▶ [What the exercise asks]
Reproduce all of the records word for word, omitting the pictures.

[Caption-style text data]
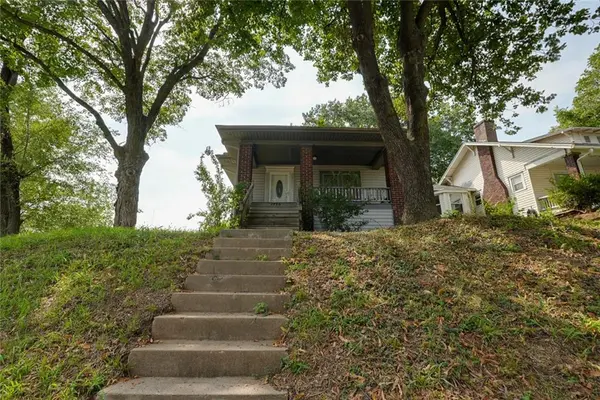 1732 S Arlington AVE, Independence, MO 64052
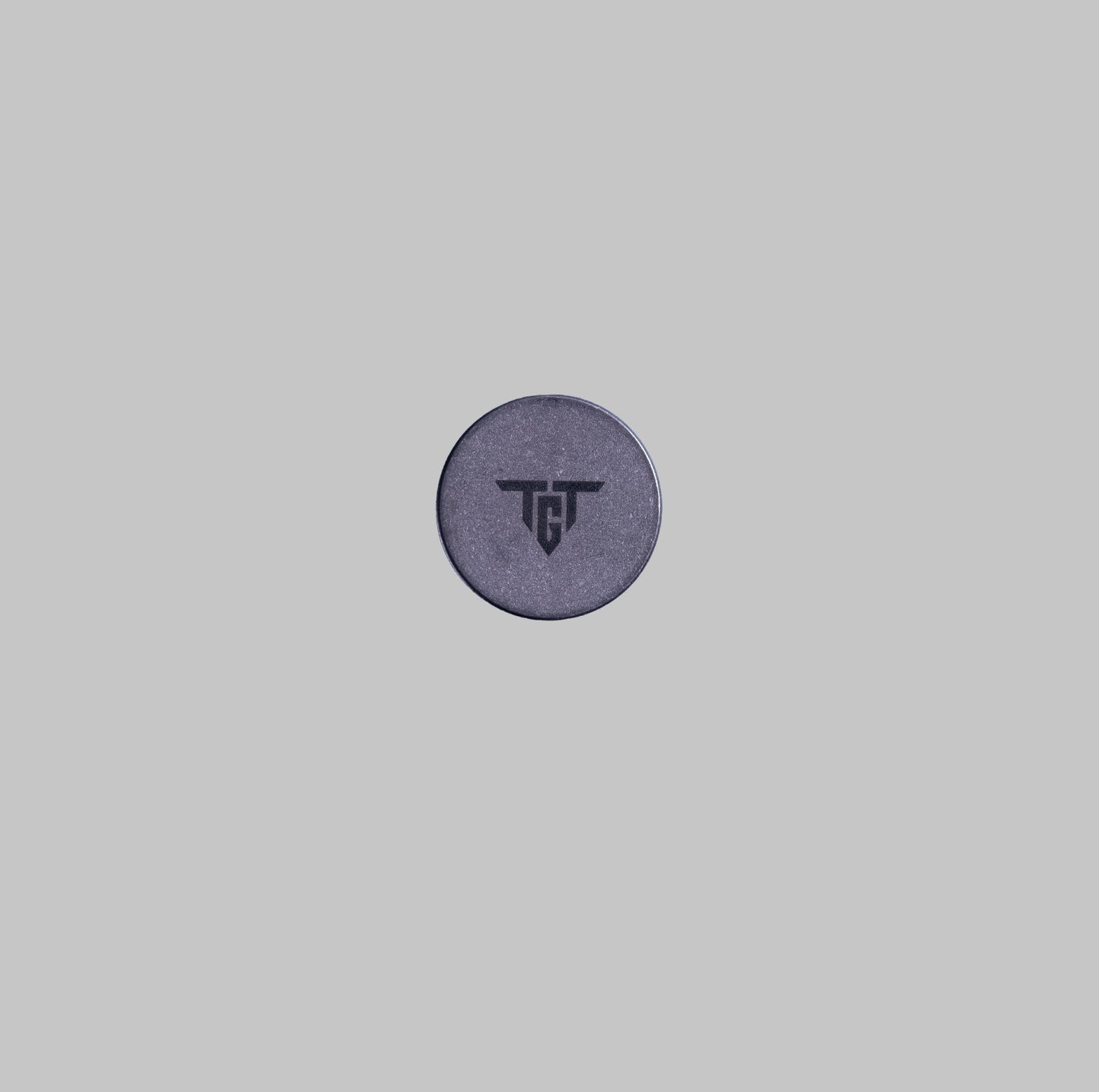 Ti MARKER lightweight titanium golf ball marker front view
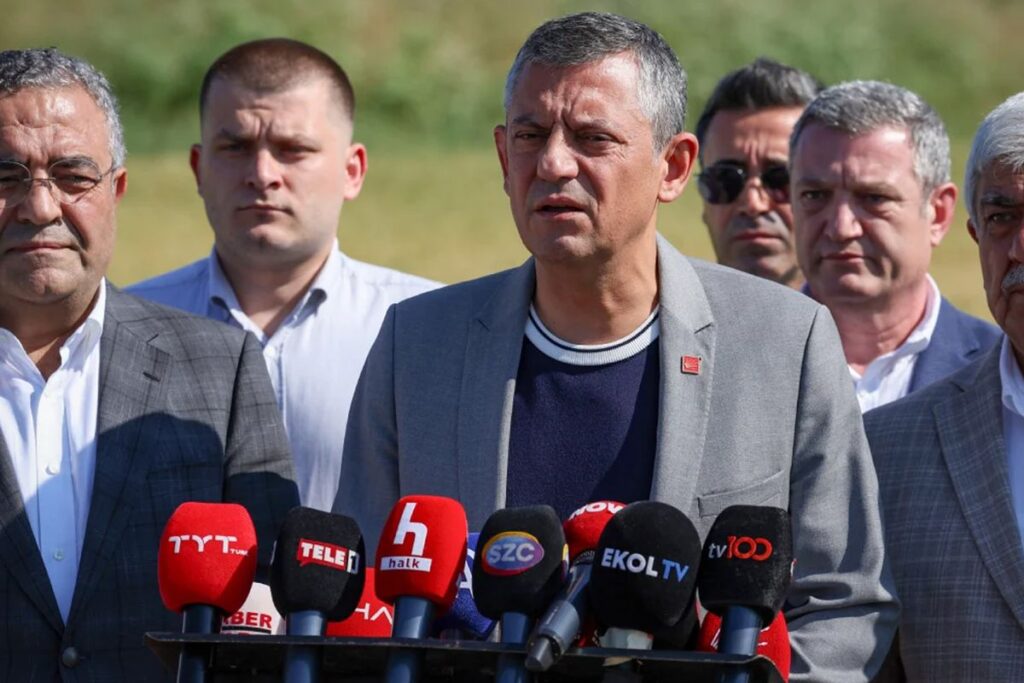 Silivri’ye çıkarma yapan Özgür Özel’in ziyaret etmediği tek isim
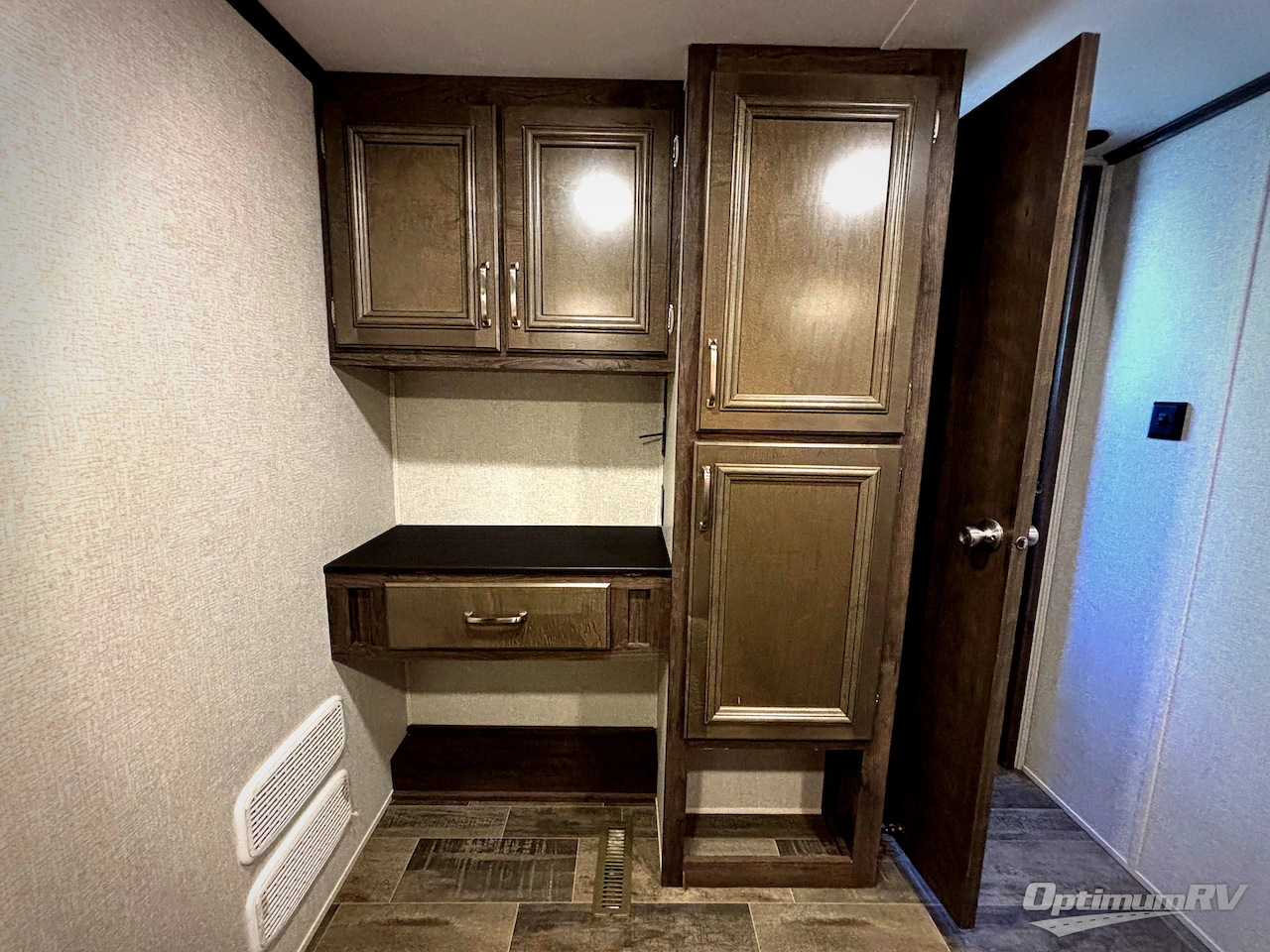 2019 Keystone Montana High Country 385BR Photo 18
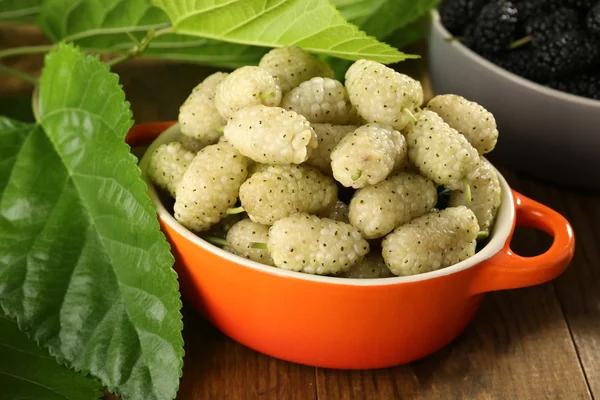 Ripe mulberries in bowl — Stock Photo, Image
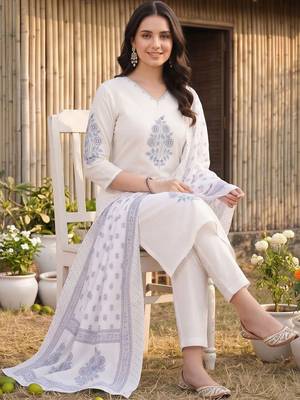 women ethnic motifs printed regular cotton kurta with trousers & with dupatta 5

▶ [Answer box]
 1732 S Arlington AVE, Independence, MO 64052
 Ti MARKER lightweight titanium golf ball marker front view
 Silivri’ye çıkarma yapan Özgür Özel’in ziyaret etmediği tek isim
 2019 Keystone Montana High Country 385BR Photo 18
 Ripe mulberries in bowl — Stock Photo, Image
 women ethnic motifs printed regular cotton kurta with trousers & with dupatta 5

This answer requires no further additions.